RECORDS PROVIDED START

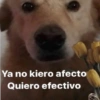 Shitpost pal chat 📱✨ 8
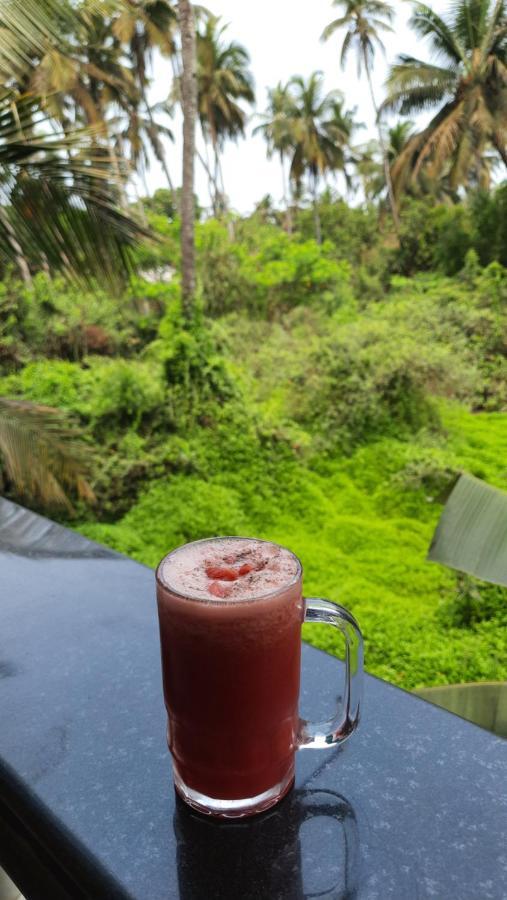 Tropical Wave Hostel Morjim Goa Zewnętrze zdjęcie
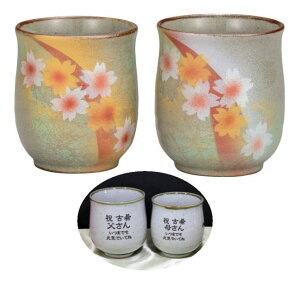 ꓒۂ J bZ[W蓒 zԕyAZb g@eւ̃v[g hV̓ ސEj ̂j ސEj Êj j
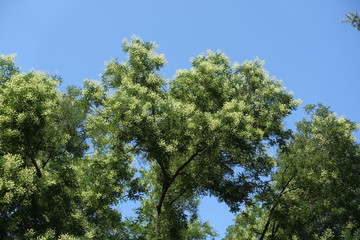 Blossoming branches of Sophora japonica tree against blue sky in July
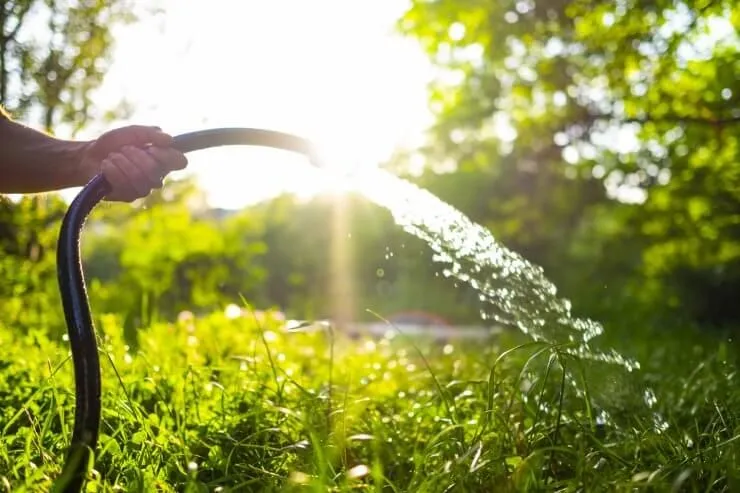 Ống dẫn nước tưới cây: Kinh nghiệm chọn và lắp đặt hiệu quả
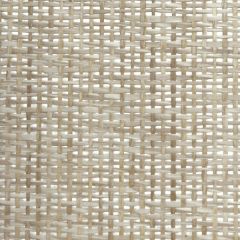 Winfield Thybony Paperweave WT WBG5117 Wall Covering
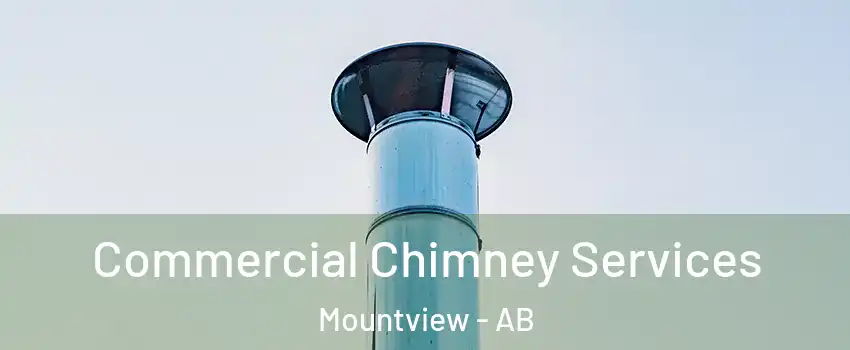 Commercial Chimney Services Mountview - AB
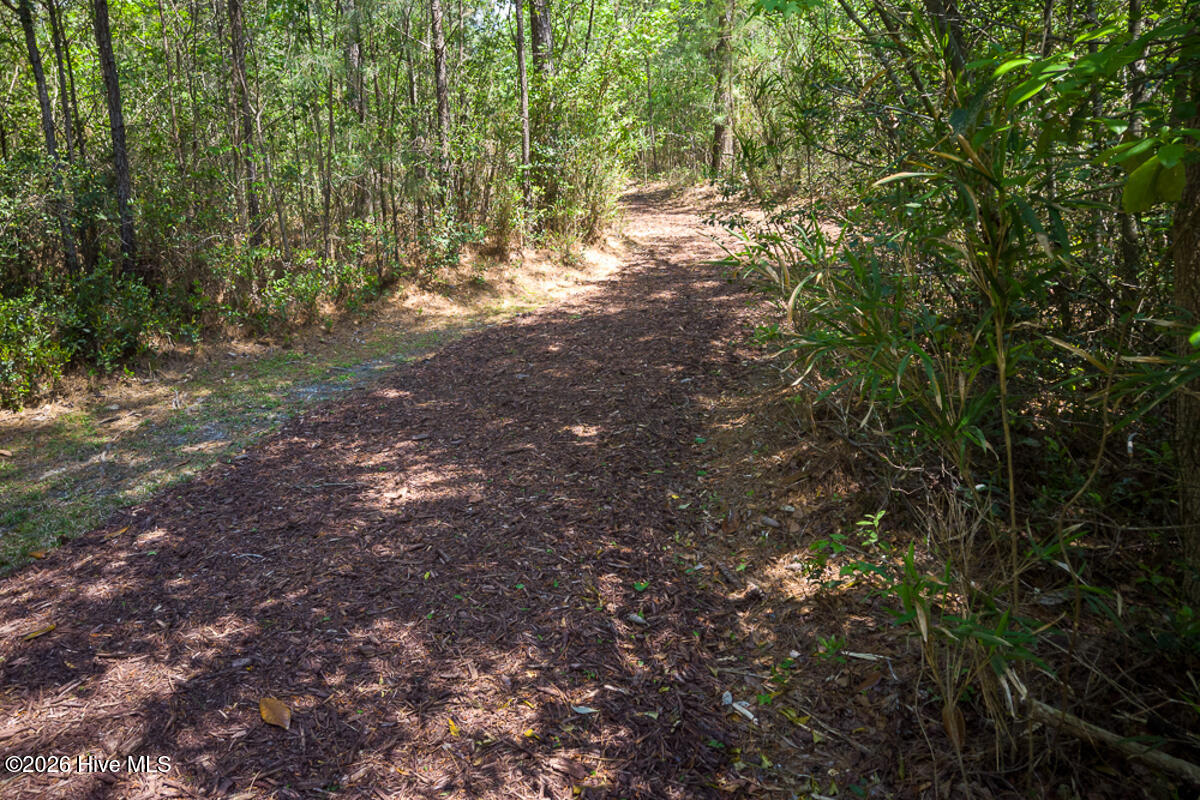 100564727 | Photo 56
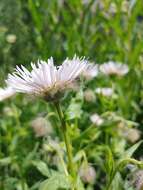 Image of Tall Fleabane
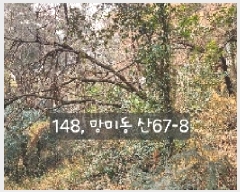  2025Ÿ148 λ  ̵ 67-8       (Ӿ)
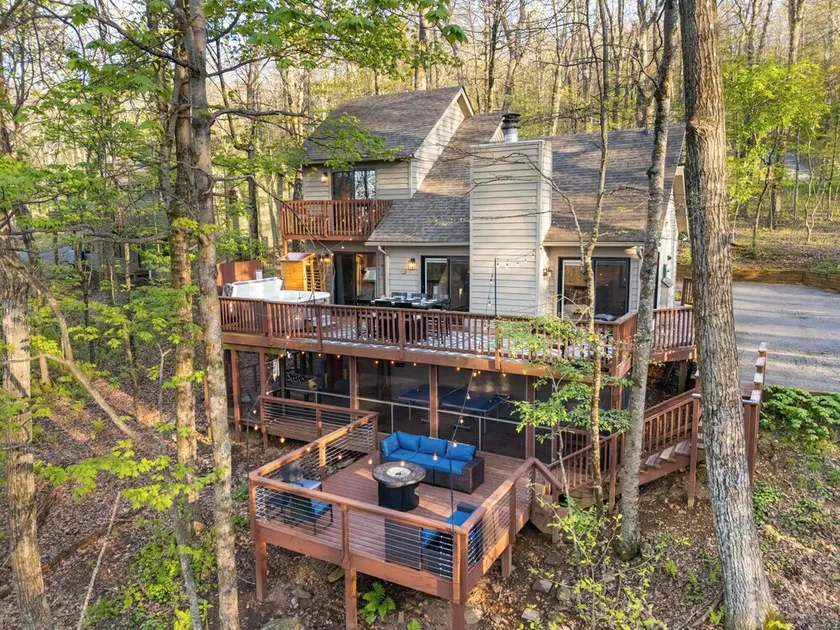 Wintergreen Mountain Cabin · Hot Tub · Sauna · Mural · Fire Pit · Game Porch - Image 1
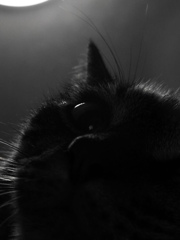 怖い話でもしようか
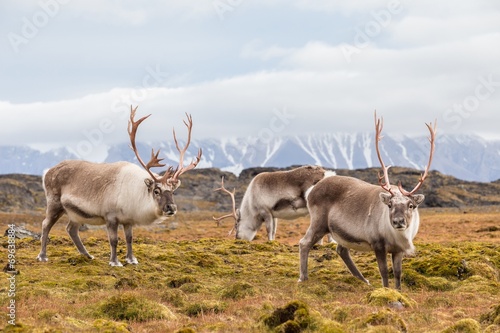Herd of wild reindeer in Arctic tundra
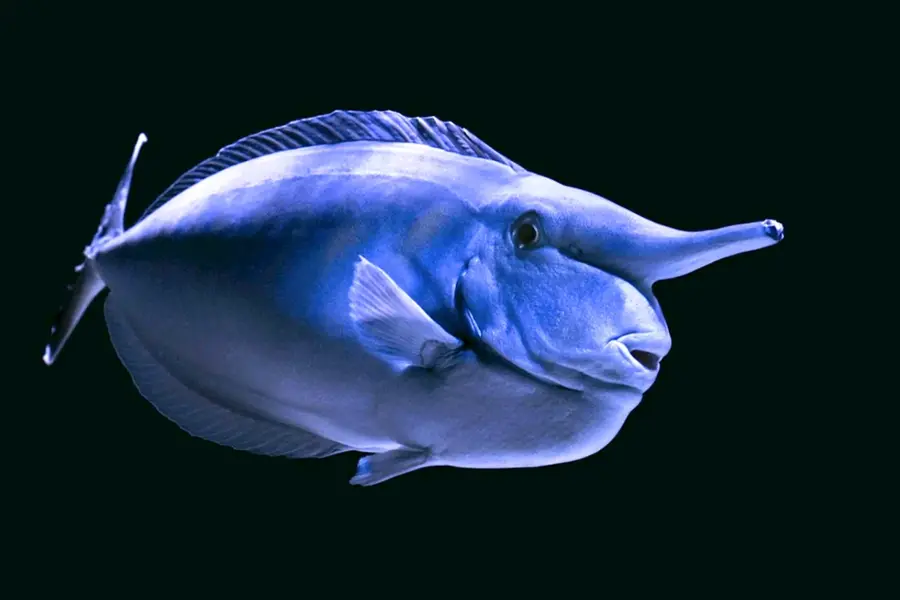 Рыба носорог индийский океан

RECORDS PROVIDED END

> **WHAT IS EXPECTED**
What is needed is an exact transcription of the lines from the one containing "Ống dẫn nước" through the last line of the records above, both included, with no pictures.

> **THE COMPLETED TASK**
 Ống dẫn nước tưới cây: Kinh nghiệm chọn và lắp đặt hiệu quả
 Winfield Thybony Paperweave WT WBG5117 Wall Covering
 Commercial Chimney Services Mountview - AB
 100564727 | Photo 56
 Image of Tall Fleabane
  2025Ÿ148 λ  ̵ 67-8       (Ӿ)
 Wintergreen Mountain Cabin · Hot Tub · Sauna · Mural · Fire Pit · Game Porch - Image 1
 怖い話でもしようか
Herd of wild reindeer in Arctic tundra
 Рыба носорог индийский океан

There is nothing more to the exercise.